Nei film dell’orrore il momento di massimo pericolo è in genere verso metà pellicola, quando sembra (sottolineo: sembra) che l’assassino, il mostro, l’indemoniato siano stati sconfitti. È proprio allora che i “buoni” si rilassano, si distraggono, allentano la tensione e le difese: per esporsi inevitabilmente – a quel punto – al crudele e sanguinario colpo di coda del “cattivo”. Ecco, all’inizio della settimana che ci porterà alla formazione del nuovo governo, siamo esattamente qui.
Da quanto percepisco, nella mezza Italia abbondante alternativa alla sinistra ci sono due atteggiamenti diversi: chi (approccio maggioritario) guarda con fiducia, o almeno con attesa minimamente speranzosa l’arrivo di Mario Draghi, e chi invece (è la linea di Giorgia Meloni) resta diffidente. E, intendiamoci, ci sono valide ragioni che militano a favore sia del primo sia del secondo atteggiamento. Ma gli uni e gli altri – ecco il punto – avvertono un senso di profonda liberazione per essersi tolti di mezzo Giuseppe Conte, Rocco Casalino, e il loro ben noto “format”: più lockdown, più controllo della comunicazione, più economia depressa, più Arcuri “in charge of the situation”. Dunque, in questo “Conte liberation day” sta ciò che tutti percepiamo come il bicchiere mezzo pieno: poi si può discutere sul resto.
Ma proprio qui rischia di scattare la fregatura, anzi il calo di tensione fatale ai “buoni” del film dell’orrore che evocavo all’inizio come metafora. Il rischio è che, per le pressioni dei partiti o per quelle del Colle o nel tentativo di garantire una qualche continuità operativa, Mario Draghi si acconci a confermare alcuni dei ministri del governo Conte: si fanno i nomi di Roberto Speranza, Francesco Boccia, Dario Franceschini, oltre che dello stesso Giuseppe Conte.
Nulla di personale verso queste figure. Ma, se possiamo esprimere un suggerimento e un auspicio, sarebbe un errore esiziale se fossero mantenute ai loro posti, come – su un altro piano – se rimanessero in carica Domenico Arcuri e Pasquale Tridico, altre “icone” giallorosse.

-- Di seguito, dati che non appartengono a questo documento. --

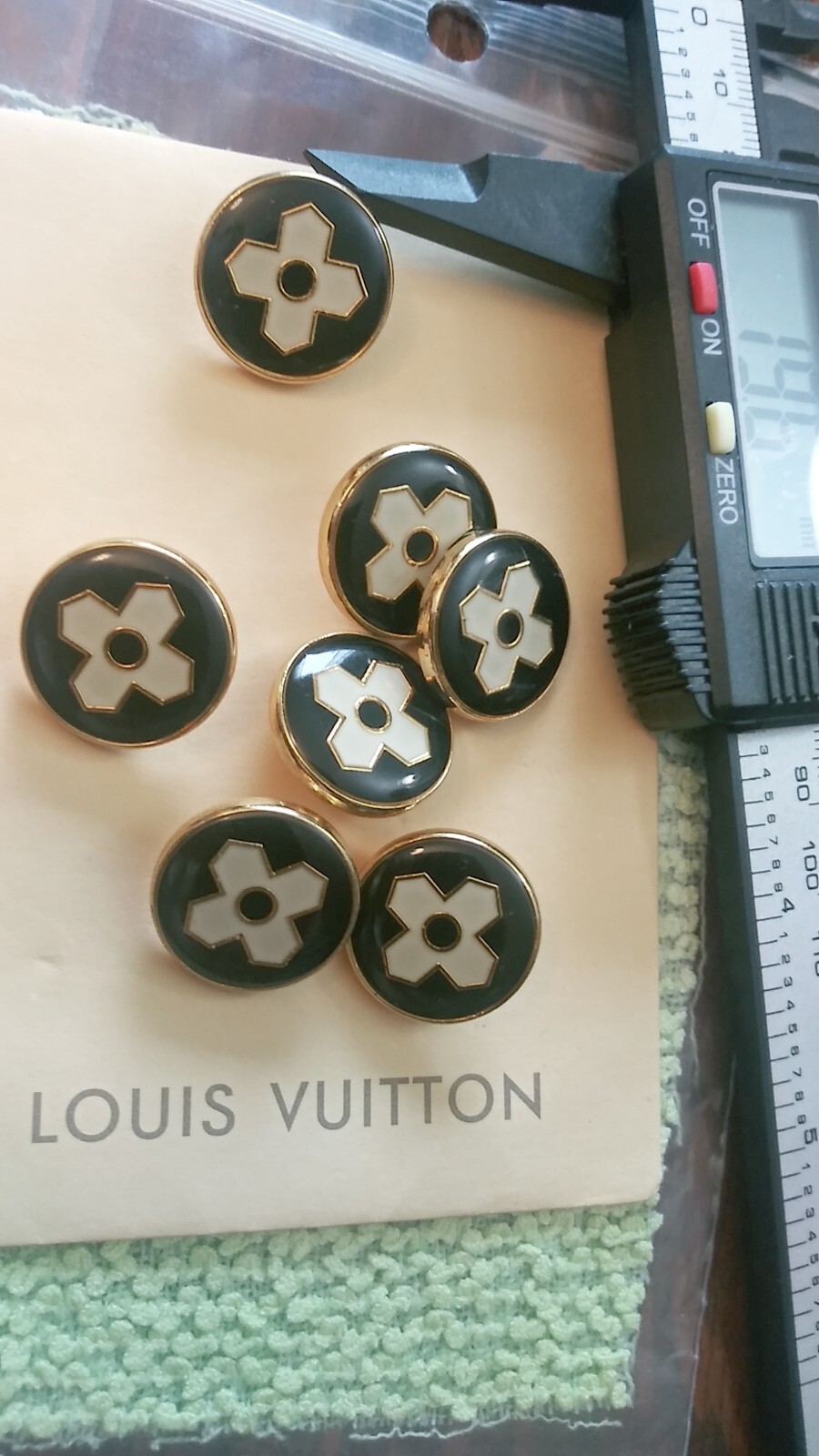 LOUIS VUITTON金属製エンボスプレートフランスパリショップドアプレート LOUIS VUITTON金属製エンボスプレートフランスパリショップドア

È interesse in primo luogo di Draghi garantire la massima cesura possibile, la più ampia discontinuità immaginabile, rispetto a una stagione politicamente fallimentare. Comprendiamo che molte cose possano spingerlo in una direzione diversa, e che nella formazione di un esecutivo entrino in gioco diverse esigenze di equilibrio e di compromesso: ma, sia dal punto di vista dell’immagine, della “foto di gruppo”, sia dal punto di vista della sostanza, cioè del giudizio politico ed economico sul Conte bis, restare legati a quei volti significa assumere su di sé il loro bilancio, i loro errori, la loro cultura, la loro filosofia.
È un peso del quale occorre invece liberarsi. A meno di correre il rischio dell’ennesimo remake: “A volte ritornano”.